WASHINGTON -- It is a feat that had only been accomplished by 10 pitchers in the game's history and a streak requiring a unique combination of skill, good health and preparation.
Throughout his career, Nationals ace Max Scherzer has dedicated the necessary time and effort to preparing his body for heavy workloads. He's now been rewarded with six straight seasons of at least 200 strikeouts, adding yet another accomplishment to his already lengthy list.
With his strikeout of Wily Peralta in the fifth inning of the Nats' 15-2 win vs. the Brewers on Thursday, Scherzer became the 11th pitcher since at least 1901 to reach the plateu. He is also the 23rd pitcher since at least 1901 to compile at least 200 K's in six or more seasons in a career.
"That's a good size plateau to reach, and I'm very appreciative to have the health be able to do this for six [seasons], to be able year in and year out to be healthy and have the stuff to be able to do that," Scherzer said.
Scherzer, pitching on his 33rd birthday, is also the lone current hurler in the game to have an active streak of six consecutive seasons with 200 or more strikeouts. No one can tie him this year either, as he was the only one with five straight coming into 2017. He joins the Dodgers' Clayton Kershaw, the Tigers' Justin Verlander and the Mariners' Felix Hernandez in the exclusive club of active pitchers with six 200-plus strikeouts seasons.
"If there's any guy that I want out there on the mound at any given moment, it's Max Scherzer," said Nationals slugger Bryce Harper, who was in the line of four straight home runs during Washington's third-inning outburst off Milwaukee starter Michael Blazek.
The reigning National League Cy Young Award winner, Scherzer set a career high in 2016 with 284 strikeouts. But having already surpassed the 200-K mark with more than two months of baseball left to play, he has a legitimate chance to set another personal best in '17.

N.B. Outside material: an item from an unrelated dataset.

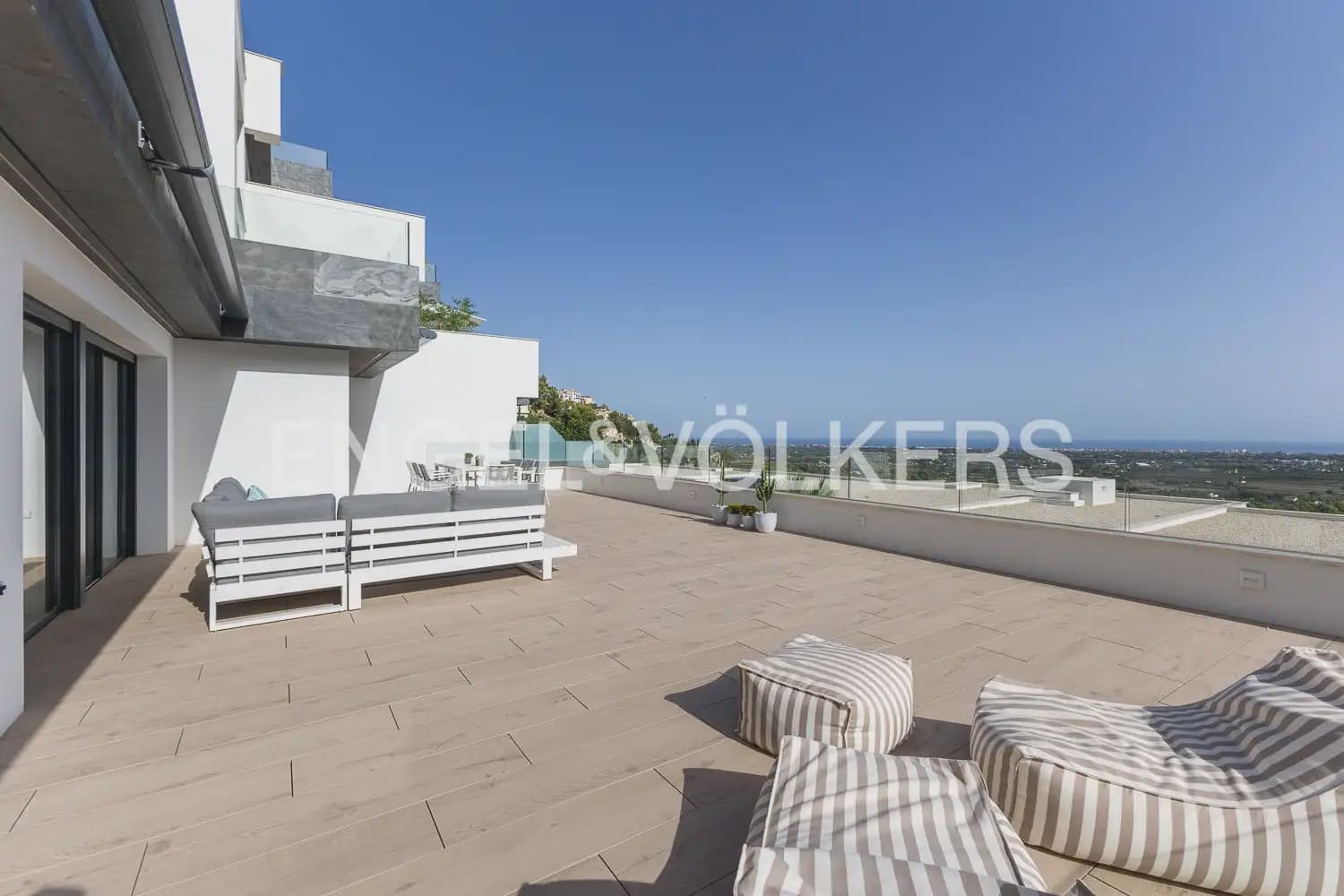 Appartement de 3 chambres à louer à Pedreguer avec piscine garage - 2 700 € (Ref: 10042257)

Scherzer is on pace for 326 strikeouts for the year, a total that would be the most for any pitcher in a season since all-time great Randy Johnson struck out 334 batters in 2002.
Scherzer logged more than 170 innings each year after his rookie season with Arizona (in which he made just seven starts), and he is on track to set a new career high in that category this season, as well.
A 10-year veteran, Scherzer has spent a total of 16 days on the disabled list since entering the league in 2008. There perhaps has been no pitcher more durable and more consistent in the game since the streak began.
"The hard work I put in, and all the coaches as well, catchers back there, all the coaches and video guys putting everything together," Scherzer said. "… That's why I've been able to achieve that."